HM Treasury has just announced a consultation over the tax treatment of Furnished holiday lettings. Following the consultation the final changes will be announced at the next budget and operate from April 2011. The main proposals are:
- Increasing the minimum period a property is available for letting from 140 to 210 days
- Increasing the minimum period over which a property is actually let to the public from 70 to 105 days
- Where a business qualifies as a furnished holiday lettings business under the new rules, the existing rules for Capital Gains Tax reliefs will still apply.

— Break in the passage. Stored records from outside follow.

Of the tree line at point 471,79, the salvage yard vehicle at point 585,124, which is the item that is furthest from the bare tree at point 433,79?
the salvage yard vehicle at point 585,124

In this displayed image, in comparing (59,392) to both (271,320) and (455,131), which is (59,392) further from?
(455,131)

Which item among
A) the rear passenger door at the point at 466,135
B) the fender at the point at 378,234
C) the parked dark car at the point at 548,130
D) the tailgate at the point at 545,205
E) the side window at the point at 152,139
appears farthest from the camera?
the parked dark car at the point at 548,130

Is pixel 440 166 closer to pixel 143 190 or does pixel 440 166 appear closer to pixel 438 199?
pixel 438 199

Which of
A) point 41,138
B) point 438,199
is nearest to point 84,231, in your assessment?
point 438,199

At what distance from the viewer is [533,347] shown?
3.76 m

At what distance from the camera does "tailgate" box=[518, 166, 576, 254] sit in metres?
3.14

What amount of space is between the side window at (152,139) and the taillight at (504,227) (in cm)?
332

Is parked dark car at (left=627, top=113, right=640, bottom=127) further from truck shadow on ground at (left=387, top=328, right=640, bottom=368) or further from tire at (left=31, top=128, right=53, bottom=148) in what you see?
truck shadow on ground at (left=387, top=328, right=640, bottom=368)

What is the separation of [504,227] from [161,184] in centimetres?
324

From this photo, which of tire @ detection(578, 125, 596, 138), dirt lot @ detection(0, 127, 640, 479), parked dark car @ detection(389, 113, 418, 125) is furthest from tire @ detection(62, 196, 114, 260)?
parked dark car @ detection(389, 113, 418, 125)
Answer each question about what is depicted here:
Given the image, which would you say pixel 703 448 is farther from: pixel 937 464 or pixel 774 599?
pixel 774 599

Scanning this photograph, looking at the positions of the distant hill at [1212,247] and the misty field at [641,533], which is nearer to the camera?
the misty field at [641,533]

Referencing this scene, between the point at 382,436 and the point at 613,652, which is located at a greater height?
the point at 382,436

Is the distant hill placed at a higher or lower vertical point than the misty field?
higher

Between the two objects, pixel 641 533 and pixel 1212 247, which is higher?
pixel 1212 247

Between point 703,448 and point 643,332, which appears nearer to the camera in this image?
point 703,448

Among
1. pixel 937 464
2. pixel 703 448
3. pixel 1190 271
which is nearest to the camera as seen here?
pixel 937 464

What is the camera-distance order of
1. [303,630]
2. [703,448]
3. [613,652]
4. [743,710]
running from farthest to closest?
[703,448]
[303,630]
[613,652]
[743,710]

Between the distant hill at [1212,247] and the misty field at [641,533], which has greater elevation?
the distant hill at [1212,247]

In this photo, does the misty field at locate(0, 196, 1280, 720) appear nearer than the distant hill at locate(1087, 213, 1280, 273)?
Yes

These include business asset roll-over relief, Entrepreneurs’ relief and relief for gift of business assets.
- Changing the loss relief rules so they are only available to set against future profits from that UK furnished holiday lettings business.
- Only allowing losses from a European qualifying furnished holiday lettings business for setting against future profits from that European qualifying furnished holiday lettings business.

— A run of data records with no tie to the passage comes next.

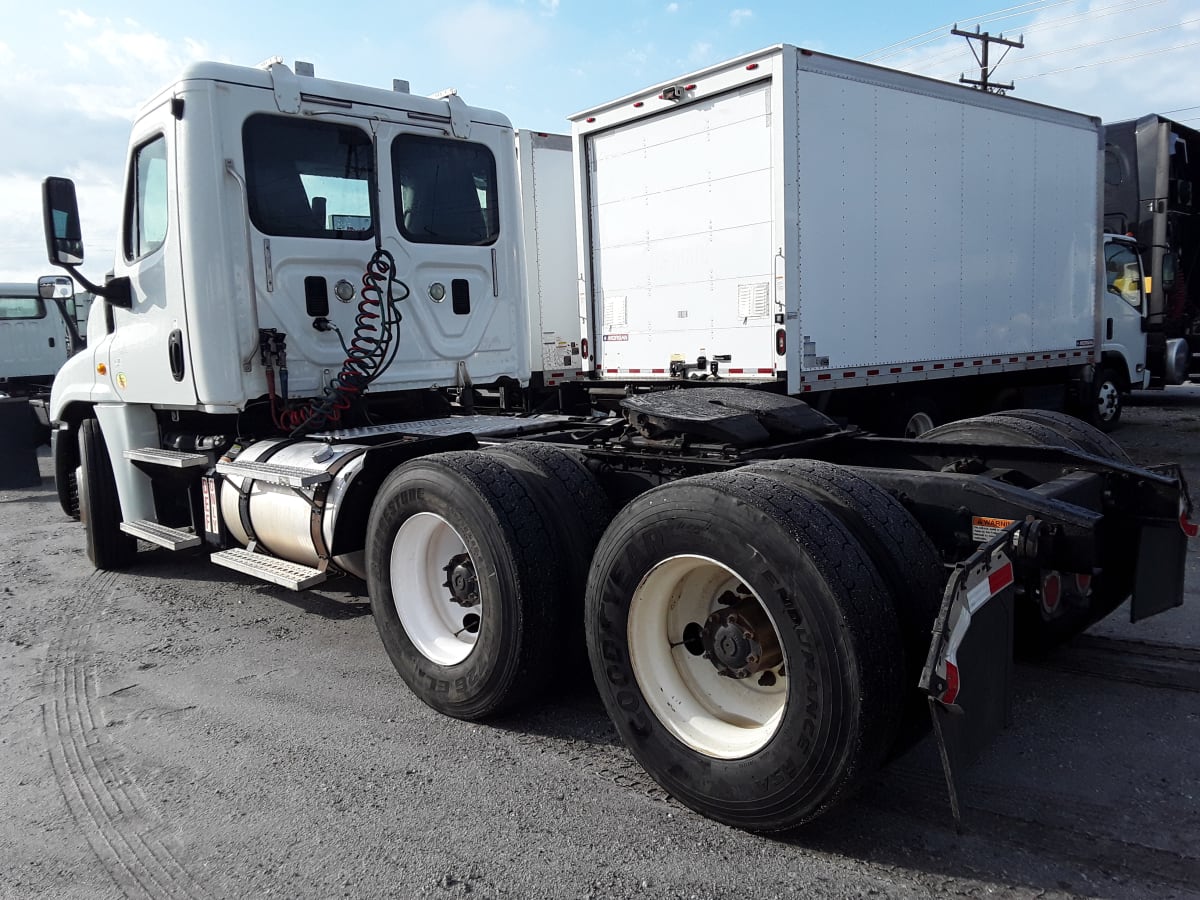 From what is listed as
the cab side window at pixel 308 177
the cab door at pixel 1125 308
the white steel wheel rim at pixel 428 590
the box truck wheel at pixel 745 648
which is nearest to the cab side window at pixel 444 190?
the cab side window at pixel 308 177

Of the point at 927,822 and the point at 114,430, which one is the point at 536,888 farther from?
the point at 114,430

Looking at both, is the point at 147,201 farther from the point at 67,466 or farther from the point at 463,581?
the point at 463,581

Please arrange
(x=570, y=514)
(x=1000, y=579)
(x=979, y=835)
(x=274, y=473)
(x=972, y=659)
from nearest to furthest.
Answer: (x=972, y=659) → (x=1000, y=579) → (x=979, y=835) → (x=570, y=514) → (x=274, y=473)

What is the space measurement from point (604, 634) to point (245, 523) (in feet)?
10.2

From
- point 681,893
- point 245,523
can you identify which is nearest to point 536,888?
point 681,893

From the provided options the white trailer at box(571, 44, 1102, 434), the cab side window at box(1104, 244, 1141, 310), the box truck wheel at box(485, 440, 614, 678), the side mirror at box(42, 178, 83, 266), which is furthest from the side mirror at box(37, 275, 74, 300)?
the cab side window at box(1104, 244, 1141, 310)

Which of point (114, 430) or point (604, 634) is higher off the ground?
point (114, 430)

A European holiday letting business will cover all the countries in the European Economic Area. The changes proposed would require the UK business to be taxed separately from the European properties.
The significant change proposed is only allowing the losses of the furnished holiday letting business to be set off against future profits of the same business. The existing rules allow losses to be set against other taxable income and can create tax repayments. In the tax year 2008/09 there were 20,000 taxpayers who set furnished holiday letting losses against their other income.
New rules for claiming tax relief on capital expenditure are proposed. Tax allowances on qualifying capital expenditure are referred to as “Capital allowances”. The rules proposed would create a new additional “residential property pool”. This would likely lead to less flexibility and a longer period to recover tax allowances.
The last government planned to scrap furnished holiday letting tax breaks, but they survived the election and the last budget.
Any taxpayers with UK furnished holiday accommodation that no longer qualifies under the new criteria proposed would continue to calculate their profits in line with the property income rules and would still be able to claim business expenses, such as mortgage interest, rates, utilities and employees’ wages, as a deduction.
The proposals are estimated to impact on 65,000 furnished holiday home owners plus another 1,000 companies and business partnerships.